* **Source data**
· · · · ·

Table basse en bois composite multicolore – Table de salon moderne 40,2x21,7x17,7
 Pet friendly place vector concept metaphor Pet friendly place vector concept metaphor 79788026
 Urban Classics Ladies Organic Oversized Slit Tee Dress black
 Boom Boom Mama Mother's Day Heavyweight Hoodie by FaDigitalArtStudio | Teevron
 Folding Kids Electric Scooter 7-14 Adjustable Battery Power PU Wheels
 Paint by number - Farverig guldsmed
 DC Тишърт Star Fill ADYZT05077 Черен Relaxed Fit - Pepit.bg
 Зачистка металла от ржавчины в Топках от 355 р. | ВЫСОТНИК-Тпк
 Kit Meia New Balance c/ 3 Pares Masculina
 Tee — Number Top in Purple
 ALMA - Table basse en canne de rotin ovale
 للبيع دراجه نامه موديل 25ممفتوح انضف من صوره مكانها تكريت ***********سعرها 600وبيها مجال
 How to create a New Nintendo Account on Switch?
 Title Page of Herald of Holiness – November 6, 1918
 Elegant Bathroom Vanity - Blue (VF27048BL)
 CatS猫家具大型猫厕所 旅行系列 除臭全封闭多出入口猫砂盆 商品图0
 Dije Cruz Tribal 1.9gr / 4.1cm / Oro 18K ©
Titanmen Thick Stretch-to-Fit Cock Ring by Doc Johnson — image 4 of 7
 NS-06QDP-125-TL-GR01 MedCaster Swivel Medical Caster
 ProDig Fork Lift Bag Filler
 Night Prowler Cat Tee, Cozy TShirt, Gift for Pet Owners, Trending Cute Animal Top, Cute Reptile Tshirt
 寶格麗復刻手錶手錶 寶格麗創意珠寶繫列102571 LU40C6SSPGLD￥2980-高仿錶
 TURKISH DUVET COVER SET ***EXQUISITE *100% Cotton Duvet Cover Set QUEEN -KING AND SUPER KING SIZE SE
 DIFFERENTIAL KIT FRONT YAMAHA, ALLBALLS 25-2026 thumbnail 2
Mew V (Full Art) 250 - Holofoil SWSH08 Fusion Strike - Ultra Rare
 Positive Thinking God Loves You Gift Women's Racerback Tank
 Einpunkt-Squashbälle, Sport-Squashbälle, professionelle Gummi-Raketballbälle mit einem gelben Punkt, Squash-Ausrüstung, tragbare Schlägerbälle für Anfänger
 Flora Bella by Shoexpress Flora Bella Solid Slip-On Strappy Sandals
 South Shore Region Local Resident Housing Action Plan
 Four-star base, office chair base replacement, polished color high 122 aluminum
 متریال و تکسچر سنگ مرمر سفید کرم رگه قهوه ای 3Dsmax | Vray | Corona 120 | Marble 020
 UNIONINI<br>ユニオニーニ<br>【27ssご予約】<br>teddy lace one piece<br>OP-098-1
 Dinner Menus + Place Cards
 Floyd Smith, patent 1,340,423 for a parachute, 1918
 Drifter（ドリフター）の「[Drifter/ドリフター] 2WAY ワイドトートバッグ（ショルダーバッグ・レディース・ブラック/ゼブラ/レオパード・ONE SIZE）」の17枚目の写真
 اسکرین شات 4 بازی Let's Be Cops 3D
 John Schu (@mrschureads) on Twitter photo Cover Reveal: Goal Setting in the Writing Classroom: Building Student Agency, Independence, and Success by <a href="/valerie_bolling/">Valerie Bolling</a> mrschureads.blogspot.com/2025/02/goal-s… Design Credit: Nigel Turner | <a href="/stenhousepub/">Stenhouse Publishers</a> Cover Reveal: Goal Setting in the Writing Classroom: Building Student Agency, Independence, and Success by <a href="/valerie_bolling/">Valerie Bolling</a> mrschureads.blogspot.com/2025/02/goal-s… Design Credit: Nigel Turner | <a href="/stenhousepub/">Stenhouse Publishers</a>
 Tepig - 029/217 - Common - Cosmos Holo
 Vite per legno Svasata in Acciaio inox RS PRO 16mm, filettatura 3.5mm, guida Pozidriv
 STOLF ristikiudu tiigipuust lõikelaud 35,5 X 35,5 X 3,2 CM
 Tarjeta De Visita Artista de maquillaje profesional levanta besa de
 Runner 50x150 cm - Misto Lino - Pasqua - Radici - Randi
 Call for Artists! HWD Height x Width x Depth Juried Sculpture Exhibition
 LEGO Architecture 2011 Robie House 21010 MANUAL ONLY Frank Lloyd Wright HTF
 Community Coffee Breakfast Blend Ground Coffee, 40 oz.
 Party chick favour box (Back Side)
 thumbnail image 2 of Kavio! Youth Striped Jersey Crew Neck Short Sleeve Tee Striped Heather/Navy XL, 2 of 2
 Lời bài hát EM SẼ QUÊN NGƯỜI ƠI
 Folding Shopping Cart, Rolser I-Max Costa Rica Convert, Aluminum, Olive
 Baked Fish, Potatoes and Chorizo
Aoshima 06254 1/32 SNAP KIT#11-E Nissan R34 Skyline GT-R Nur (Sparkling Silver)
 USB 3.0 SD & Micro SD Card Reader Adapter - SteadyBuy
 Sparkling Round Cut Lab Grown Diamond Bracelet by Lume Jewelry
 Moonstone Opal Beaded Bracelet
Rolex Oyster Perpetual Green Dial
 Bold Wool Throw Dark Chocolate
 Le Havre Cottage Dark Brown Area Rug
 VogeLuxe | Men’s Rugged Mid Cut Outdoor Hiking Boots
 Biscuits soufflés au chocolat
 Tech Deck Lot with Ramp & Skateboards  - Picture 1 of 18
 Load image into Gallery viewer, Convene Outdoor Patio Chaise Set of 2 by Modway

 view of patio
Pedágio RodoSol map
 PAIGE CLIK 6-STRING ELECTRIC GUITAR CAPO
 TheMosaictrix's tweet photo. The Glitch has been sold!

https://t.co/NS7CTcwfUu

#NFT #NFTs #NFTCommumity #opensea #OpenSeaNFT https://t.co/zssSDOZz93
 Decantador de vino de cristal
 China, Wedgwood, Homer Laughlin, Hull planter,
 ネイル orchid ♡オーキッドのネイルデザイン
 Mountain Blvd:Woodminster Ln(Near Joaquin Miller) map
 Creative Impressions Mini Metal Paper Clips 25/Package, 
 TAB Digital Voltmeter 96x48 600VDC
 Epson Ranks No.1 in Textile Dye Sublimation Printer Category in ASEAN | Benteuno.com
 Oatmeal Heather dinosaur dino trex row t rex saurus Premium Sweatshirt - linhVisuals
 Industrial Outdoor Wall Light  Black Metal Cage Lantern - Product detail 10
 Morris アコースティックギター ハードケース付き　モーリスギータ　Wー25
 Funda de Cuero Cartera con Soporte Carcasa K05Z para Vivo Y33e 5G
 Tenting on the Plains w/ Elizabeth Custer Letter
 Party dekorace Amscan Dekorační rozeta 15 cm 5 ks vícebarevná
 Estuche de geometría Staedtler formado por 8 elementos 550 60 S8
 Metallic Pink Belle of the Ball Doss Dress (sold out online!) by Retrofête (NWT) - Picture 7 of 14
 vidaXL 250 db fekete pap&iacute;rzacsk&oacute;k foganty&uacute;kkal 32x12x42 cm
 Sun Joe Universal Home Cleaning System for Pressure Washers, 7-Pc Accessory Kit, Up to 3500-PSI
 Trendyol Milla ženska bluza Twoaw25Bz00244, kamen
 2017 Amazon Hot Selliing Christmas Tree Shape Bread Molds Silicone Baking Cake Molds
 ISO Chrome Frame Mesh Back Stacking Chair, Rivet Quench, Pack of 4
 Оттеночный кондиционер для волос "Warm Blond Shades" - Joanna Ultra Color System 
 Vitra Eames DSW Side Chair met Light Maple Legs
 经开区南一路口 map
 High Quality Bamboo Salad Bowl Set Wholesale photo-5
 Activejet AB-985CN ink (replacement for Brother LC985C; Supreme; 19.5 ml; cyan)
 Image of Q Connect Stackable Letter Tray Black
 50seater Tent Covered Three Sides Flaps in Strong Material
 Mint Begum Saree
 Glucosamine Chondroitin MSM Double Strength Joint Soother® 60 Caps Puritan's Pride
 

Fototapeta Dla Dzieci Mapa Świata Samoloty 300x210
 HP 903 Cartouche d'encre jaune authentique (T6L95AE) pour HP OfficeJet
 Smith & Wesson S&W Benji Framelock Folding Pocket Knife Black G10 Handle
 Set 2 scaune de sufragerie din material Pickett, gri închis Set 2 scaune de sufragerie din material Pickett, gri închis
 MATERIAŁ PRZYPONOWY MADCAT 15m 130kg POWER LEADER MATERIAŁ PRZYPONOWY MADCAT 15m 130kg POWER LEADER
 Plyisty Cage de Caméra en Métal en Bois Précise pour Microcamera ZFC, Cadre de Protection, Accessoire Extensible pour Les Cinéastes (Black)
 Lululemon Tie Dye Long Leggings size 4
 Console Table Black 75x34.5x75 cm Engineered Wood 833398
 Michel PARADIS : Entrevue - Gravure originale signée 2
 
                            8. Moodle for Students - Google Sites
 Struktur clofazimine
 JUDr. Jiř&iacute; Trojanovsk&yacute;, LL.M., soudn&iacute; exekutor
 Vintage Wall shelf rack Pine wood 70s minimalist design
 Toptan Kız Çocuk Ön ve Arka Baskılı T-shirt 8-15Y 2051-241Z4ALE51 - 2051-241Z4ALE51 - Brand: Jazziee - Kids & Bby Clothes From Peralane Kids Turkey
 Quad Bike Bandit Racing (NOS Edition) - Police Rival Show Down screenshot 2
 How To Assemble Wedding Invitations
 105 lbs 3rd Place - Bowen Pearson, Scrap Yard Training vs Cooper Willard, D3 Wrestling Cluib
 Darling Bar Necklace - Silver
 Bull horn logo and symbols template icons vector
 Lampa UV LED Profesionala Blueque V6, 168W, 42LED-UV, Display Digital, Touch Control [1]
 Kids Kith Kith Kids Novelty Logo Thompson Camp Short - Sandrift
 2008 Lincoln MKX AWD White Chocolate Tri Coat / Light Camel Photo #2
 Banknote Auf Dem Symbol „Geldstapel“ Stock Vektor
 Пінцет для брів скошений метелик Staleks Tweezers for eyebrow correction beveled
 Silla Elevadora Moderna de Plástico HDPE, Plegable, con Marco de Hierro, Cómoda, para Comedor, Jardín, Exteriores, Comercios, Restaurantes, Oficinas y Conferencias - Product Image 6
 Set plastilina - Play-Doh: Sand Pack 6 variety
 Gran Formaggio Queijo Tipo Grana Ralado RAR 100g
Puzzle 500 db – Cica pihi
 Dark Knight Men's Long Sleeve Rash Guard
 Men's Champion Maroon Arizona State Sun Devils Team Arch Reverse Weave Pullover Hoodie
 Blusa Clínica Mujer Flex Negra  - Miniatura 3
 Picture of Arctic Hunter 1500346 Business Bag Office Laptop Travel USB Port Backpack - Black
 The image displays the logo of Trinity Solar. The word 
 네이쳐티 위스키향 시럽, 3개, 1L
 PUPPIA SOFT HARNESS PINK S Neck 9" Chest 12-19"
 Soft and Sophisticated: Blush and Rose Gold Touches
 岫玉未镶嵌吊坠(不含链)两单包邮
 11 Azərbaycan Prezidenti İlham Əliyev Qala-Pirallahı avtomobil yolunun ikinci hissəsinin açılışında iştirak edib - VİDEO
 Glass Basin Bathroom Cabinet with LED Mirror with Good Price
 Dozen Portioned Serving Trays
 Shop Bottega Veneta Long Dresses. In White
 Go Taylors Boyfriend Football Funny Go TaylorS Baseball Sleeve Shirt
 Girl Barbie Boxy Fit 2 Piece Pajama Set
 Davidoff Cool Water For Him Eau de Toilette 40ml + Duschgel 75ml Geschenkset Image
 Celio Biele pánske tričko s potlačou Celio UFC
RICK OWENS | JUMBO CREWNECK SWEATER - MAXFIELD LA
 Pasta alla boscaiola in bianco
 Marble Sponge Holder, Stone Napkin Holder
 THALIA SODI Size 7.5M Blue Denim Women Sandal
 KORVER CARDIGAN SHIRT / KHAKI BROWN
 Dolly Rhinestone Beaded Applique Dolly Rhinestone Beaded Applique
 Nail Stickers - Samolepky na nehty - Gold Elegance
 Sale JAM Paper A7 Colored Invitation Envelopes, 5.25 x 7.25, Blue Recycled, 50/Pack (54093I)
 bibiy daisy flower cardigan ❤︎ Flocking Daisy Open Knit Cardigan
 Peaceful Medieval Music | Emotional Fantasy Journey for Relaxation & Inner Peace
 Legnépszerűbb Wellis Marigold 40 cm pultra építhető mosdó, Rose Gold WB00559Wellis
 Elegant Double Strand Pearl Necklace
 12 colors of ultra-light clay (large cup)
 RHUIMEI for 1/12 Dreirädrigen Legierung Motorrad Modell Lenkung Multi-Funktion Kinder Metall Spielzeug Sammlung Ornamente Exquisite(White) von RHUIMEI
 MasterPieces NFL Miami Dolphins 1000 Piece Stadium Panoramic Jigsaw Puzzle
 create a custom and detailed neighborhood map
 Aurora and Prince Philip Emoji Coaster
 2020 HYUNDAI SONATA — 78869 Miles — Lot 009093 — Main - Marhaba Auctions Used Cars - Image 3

· · · · ·

* **Problem to work on**
Go through the records from the first line and copy each one exactly, ending after the line that contains "Dije Cruz Tribal 1.9gr / 4.1cm / Oro 18K ©". Give nothing else.

* **Exercise result**
Table basse en bois composite multicolore – Table de salon moderne 40,2x21,7x17,7
 Pet friendly place vector concept metaphor Pet friendly place vector concept metaphor 79788026
 Urban Classics Ladies Organic Oversized Slit Tee Dress black
 Boom Boom Mama Mother's Day Heavyweight Hoodie by FaDigitalArtStudio | Teevron
 Folding Kids Electric Scooter 7-14 Adjustable Battery Power PU Wheels
 Paint by number - Farverig guldsmed
 DC Тишърт Star Fill ADYZT05077 Черен Relaxed Fit - Pepit.bg
 Зачистка металла от ржавчины в Топках от 355 р. | ВЫСОТНИК-Тпк
 Kit Meia New Balance c/ 3 Pares Masculina
 Tee — Number Top in Purple
 ALMA - Table basse en canne de rotin ovale
 للبيع دراجه نامه موديل 25ممفتوح انضف من صوره مكانها تكريت ***********سعرها 600وبيها مجال
 How to create a New Nintendo Account on Switch?
 Title Page of Herald of Holiness – November 6, 1918
 Elegant Bathroom Vanity - Blue (VF27048BL)
 CatS猫家具大型猫厕所 旅行系列 除臭全封闭多出入口猫砂盆 商品图0
 Dije Cruz Tribal 1.9gr / 4.1cm / Oro 18K ©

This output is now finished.